Oct. 31 Premarket Briefing: 10 Things You Should Know

NEW YORK (TheStreet) -- Here are 10 things you should know for Thursday, Oct. 31:

1.-- U.S. stock futures were pointing to losses on Wall Street on Thursday as investors across the globe feared the Federal Reserve could start withdrawing its stimulus for the U.S. economy near the end of the year.

European stocks were trading lower. Asian shares ended Thursday's session with losses; Japan's Nikkei 225 index declined 1.2%.

2.-- The economic calendar in the U.S. Thursday includes weekly initial jobless claims at 8:30 a.m. EDT, personal income and personal spending for September at 8:30 a.m., and Chicago PMI for October at 9:45 a.m.

3.-- U.S. stocks on Wednesday fell after the Fed opted to maintain its current $85 billion bond-buying program and keep interest rates at current low levels, citing an elevated jobless rate and a slowdown in the housing market's recovery.

Markets declined on concerns the Fed may still pull back on its stimulus program in December, or early next year. In a policy statement, the central bank said that overall all "the downside risks to the outlook for the economy and the labor market" .... have "diminished," indicating that the worst of the 2009 recession, which prompted the stimulus program has passed.

The S&P 500 closed down 0.49% to 1,763.30. The Dow Jones Industrial Average fell 0.39% to 15,618.64, while the Nasdaq declined 0.55% to 3,930.62.
 
4.-- Facebook's ( FB) earnings topped Wall Street expectations but the social networking giant noted teens are using the service less.

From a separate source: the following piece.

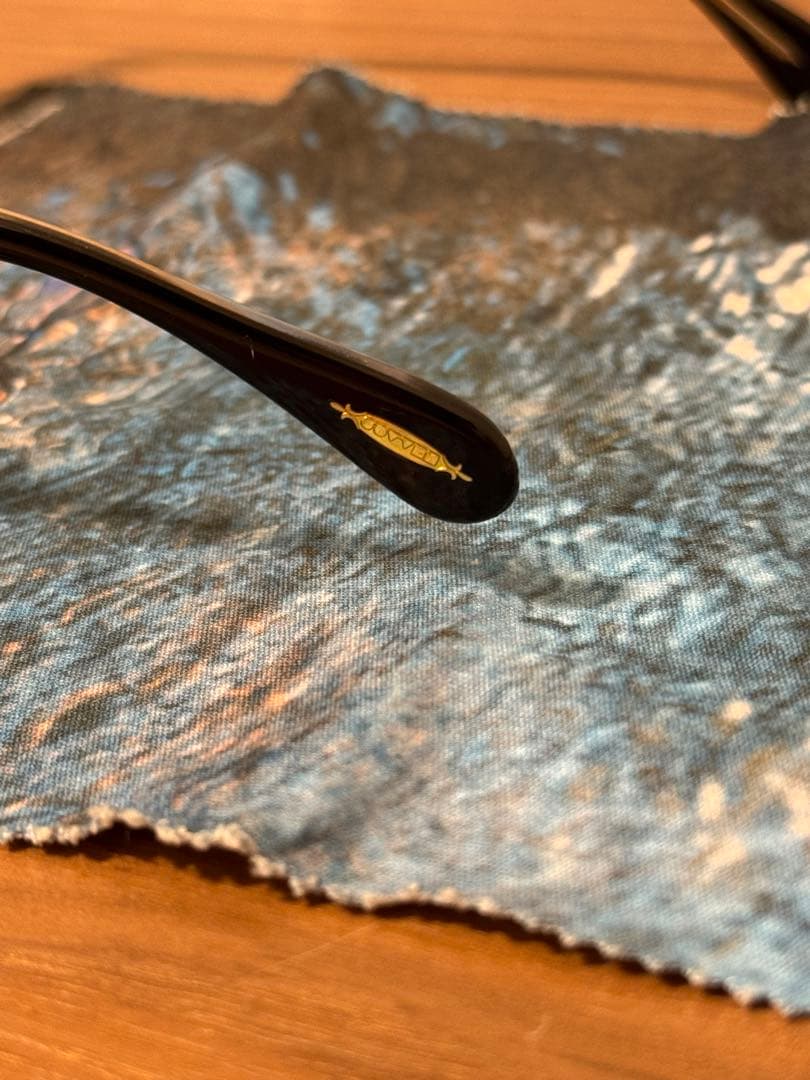 小物 OLIVER PEOPLES Shaldrake J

Chief Financial Officer David Ebersman said that teens are using the service the same, but daily users in the teen demographic slid from the second to the third quarter. Ebermsan noted there isn't an entirely accurate way to measure this but the company is working on internal metrics to ascertain what is happening.

Facebook reported third-quarter earnings of 25 cents a share on revenue of $2.02 billion. Mobile revenue surged to 49% of total advertising revenue, which was about $881 million. Analysts were looking for earnings of 19 cents a share on revenue of $1.91 billion.

5.-- Oil giant Exxon Mobil (XOM) is expected by analysts on Thursday to report third-quarter profit of $1.77 a share on revenue of $107.39 billion. Exxon is coming off its lowest profit in more than three years last quarter tripped up by weak growth in the U.S. and China and Europe's ongoing economic problems.

In the year-earlier quarter, Exxon, the largest oil and gas company in the U.S., earned $2.09 a share on revenue of $115.71 billion.

6.-- Europe's largest oil company, Royal Dutch Shell (RDS.A), said third-quarter earnings declined because of a weaker refining market and higher exploration and production expenses.

Earnings on a current cost of supplies basis were $4.25 billion, down from $6.15 billion a year earlier.

7.-- Credit card company MasterCard (MA) is forecast by Wall Street to report earnings of $6.95 a share in the third quarter on revenue of $2.13 billion.

8.-- Though sales rose 10.6%, Sony (SNE), the entertainment and electronics giant, posted a loss of 19.3 billion yen ($196 million) in the July-September quarter largely because of losses at its movies division.

Sony slashed its profit forecast for the fiscal year ending in March to 30 billion yen from 50 billion yen, due to weak sales and strong price competition.

9.-- US Airways (LCC) and American Airlines are considering giving up takeoff and landing slots at Washington's Ronald Reagan National Airport to win regulatory approval of their $11 billion merger, two people familiar with the matter told Reuters.

The carriers are hoping to reach a settlement with the U.S. Justice Department before a trial, due to begin Nov. 25, and pave the way for a deal that would create the world's largest airline, the sources told Reuters.

10.-- The Boston Red Sox beat the St. Louis Cardinals 6-1 in Game 6 on Wednesday night to win their third World Series title in 10 seasons.